The pH measurement determines whether a substance is an acid or a base on a scale from 0 to 14. Acidic falls into the 0 to 6 range, while 7 means neutral (which is also the pH of water), and 8 or higher indicates an alkali, or a base. On the pH scale, baking soda is a 9.
Meanwhile, lemon juice and vinegar rank as a 2 on that same scale, so you can glean for yourself that acidic foods are pretty mouth-puckering. However, when baking soda is added to a dish, it neutralizes those acids. That's why one of sodium bicarbonate's common uses was as a stomach antacid for many years.
For a full explanation of what pH measures and the chemical definition of acids and bases, check out the ChemWiki.
The University of Wisconsin Extension writes, "Because of its chemical makeup, baking soda has unique capabilities as a buffer. Buffering is the maintenance of a stable pH balance, or acid-alkali balance. As a buffer, baking soda tends to cause acid solutions to become more basic and to cause basic solutions to become more acid, bringing both solutions to a stable pH around 8.1 (slightly basic) on the pH scale. A buffer also resists pH change in a solution, in this case maintaining a pH of 8.1."
So, if you've added too much vinegar to a salad dressing or lemon juice to a marinade, or cooked tomatoes only to discover that they're super tart, you can add a pinch (but just a pinch—too much and you'll get a very soft, weird taste in your food) of baking soda and it should take the rough edges off the taste.

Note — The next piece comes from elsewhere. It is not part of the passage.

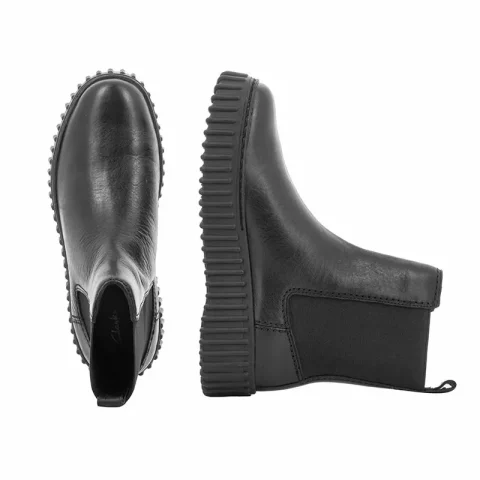 Дамски Равни Боти CLARKS – 26173858 TORHILL MAPLE BLACK — снимка 4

Some Redditors point out that you can try adding sugar first to a too-tart recipe (or even add a grated carrot or raisins since they're high in sugar), but in my opinion, sugar can sometimes actually bring out the flavor of something acidic unless you add a lot of it, which would just ruin your dish altogether.
Chowhound users have mixed feelings on the topic, but many of them have tried the baking soda trick and liked it.
Again, they emphasize that a very small amount is usually all it takes, and not to be surprised if you see some foaming when you add the baking soda—it's chemically reacting with the acid in your food.
The Kitchn went so far as to add several tablespoons of baking soda to rescue four gallons of chili.
Meanwhile, Dr. Gourmet (aka Dr. Timothy S. Harlan), a physician and TV commenter, says to use 1/4 teaspoon of baking soda to every cup of tomato sauce to neutralize any acid.
I experimented by adding 2 tablespoons of lemon juice to about 6 ounces of plain iced tea. I tasted it, winced, and had to drink some water. Next, I added 1/8 of a teaspoon of baking soda and stirred well. It definitely neutralized the mouth-puckering effect of too much lemon juice, and I didn't need as much honey to get the iced tea to just the right level of sweetness that it might have otherwise required.
I probably could have added more and been fine, but I played it safe instead. I say experiment and find out what works for you.